ACLU suit for torture memos prompts their release

Hannah Bergman | Freedom of Information | Feature | April 17, 2009

After years of litigation under the Freedom of Information Act, four secret memos from the Justice Department’s Office of Legal Counsel were finally released Thursday by the Obama administration.

The memos, issued between 2002 and 2005, deal with the interrogation techniques used against suspected terrorists.
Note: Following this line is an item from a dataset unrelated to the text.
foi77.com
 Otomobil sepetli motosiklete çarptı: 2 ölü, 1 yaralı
The opinions were used by the Bush administration and set out what the OLC deemed to be legally acceptable practices. 

The ACLU had sought access to these and other opinions under FOIA in federal court in Manhattan.
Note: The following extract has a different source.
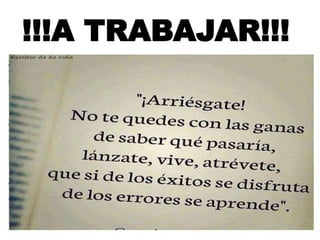 !!!A TRABAJAR!!!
Thursday was the final deadline the Obama Justice Department and the ACLU had agreed on for a decision on whether the memos would be made public. There was great speculation as to whether the administration would release the documents as there was no court order requiring their release, or to act as precedent in future cases.

President Obama seemed to underscore that point in his statement on the release, saying: “The exceptional circumstances surrounding these memos should not be viewed as an erosion of the strong legal basis for maintaining the classified nature of secret activities. I will always do whatever is necessary to protect the national security of the United States.”

Still, the ACLU said it was pleased with the release of documents that critics have called “secret law.”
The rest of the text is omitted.